Help Center/ MapReduce Service/ Service Overview/ Components/ ClickHouse/ ClickHouse Enhanced Open Source Features
Updated on 2024-08-28 GMT+08:00

ClickHouse Enhanced Open Source Features

MRS ClickHouse has advantages such as automatic cluster mode, HA deployment, and smooth and elastic scaling.

  • Automatic Cluster Mode
    As shown in Figure 1, a cluster consists of multiple ClickHouse nodes, which has no central node. It is more of a static resource pool. If the ClickHouse cluster mode is used for services, you need to pre-define the cluster information in the configuration file of each node. Only in this way, services can be correctly accessed.
    Figure 1 ClickHouse cluster

    Users are unaware of data partitions and replica storage in common database systems. However, ClickHouse allows you to proactively plan and define detailed configurations such as shards, partitions, and replica locations. The ClickHouse instance of MRS packs the work in a unified manner and adapts it to the automatic mode, implementing unified management, which is flexible and easy to use.

    A ClickHouse instance consists of three ZooKeeper nodes and multiple ClickHouse nodes. The Dedicated Replica mode is used to ensure high reliability of dual data copies.
    Figure 2 ClickHouse cluster structure
  • Smooth and Elastic Scaling

    As business grows rapidly, MRS provides ClickHouse, a data migration tool, for scenarios such as the cluster's storage capacity or CPU compute resources approaching the limit. This tool is used to migrate some partitions of one or multiple MergeTree tables on several ClickHouseServer nodes to the same tables on other ClickHouseServer nodes. In this way, service availability is ensured and smooth capacity expansion is implemented.

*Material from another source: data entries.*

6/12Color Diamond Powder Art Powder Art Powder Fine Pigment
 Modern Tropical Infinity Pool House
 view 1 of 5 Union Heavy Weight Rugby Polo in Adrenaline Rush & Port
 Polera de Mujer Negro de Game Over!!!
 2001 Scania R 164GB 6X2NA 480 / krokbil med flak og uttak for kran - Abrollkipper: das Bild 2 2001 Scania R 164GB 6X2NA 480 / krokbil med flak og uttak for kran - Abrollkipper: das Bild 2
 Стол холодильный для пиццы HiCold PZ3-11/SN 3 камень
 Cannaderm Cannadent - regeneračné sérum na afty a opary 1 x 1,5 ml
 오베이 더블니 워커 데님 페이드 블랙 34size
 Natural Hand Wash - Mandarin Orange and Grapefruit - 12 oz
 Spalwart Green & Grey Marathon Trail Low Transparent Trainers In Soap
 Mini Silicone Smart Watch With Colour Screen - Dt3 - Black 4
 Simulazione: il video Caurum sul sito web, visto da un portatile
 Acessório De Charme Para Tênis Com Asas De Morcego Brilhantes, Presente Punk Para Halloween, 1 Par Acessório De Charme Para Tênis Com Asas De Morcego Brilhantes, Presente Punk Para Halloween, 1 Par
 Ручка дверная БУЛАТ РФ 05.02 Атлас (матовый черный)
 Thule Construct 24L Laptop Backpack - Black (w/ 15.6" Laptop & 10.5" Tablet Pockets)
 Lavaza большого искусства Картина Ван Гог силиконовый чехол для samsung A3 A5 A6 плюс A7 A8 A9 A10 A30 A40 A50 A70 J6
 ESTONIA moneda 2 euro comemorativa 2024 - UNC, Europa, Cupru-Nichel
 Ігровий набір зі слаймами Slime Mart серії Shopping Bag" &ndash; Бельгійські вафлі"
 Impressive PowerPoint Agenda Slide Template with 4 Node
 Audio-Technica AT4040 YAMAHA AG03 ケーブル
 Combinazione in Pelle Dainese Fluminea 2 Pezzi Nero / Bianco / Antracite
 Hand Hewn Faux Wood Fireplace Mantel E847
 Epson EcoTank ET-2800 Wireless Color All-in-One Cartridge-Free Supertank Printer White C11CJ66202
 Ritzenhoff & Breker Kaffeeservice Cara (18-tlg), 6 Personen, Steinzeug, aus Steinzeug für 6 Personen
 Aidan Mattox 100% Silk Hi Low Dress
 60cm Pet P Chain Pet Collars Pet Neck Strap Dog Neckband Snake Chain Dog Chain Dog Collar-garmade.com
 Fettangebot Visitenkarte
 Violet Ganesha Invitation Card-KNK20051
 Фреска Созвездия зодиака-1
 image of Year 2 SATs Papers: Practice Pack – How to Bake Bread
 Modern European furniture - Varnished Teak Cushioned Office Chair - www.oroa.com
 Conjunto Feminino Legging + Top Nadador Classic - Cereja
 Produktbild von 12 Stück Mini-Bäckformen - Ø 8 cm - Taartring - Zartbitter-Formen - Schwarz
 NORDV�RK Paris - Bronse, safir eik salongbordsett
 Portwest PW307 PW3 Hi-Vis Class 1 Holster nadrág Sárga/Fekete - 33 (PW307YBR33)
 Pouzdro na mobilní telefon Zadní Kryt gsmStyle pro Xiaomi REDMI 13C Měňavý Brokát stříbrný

    When you add ClickHouse nodes to a cluster, use this tool to migrate some data from the existing nodes to the new ones for data balancing after the expansion.

  • HA Deployment Architecture

    MRS uses the ELB-based high availability (HA) deployment architecture to automatically distribute user access traffic to multiple backend nodes, expanding service capabilities to external systems and improving fault tolerance. As shown in Figure 3, when a client application requests a cluster, Elastic Load Balance (ELB) is used to distribute traffic. With the ELB polling mechanism, data is written to local tables and read from distributed tables on different nodes. In this way, data read/write load and high availability of application access are guaranteed.

    After the ClickHouse cluster is provisioned, each ClickHouse instance node in the cluster corresponds to a replica, and two replicas form a logical shard. For example, when creating a ReplicatedMergeTree table, you can specify shards so that data can be automatically synchronized between two replicas in the same shard.

    Figure 3 HA deployment architecture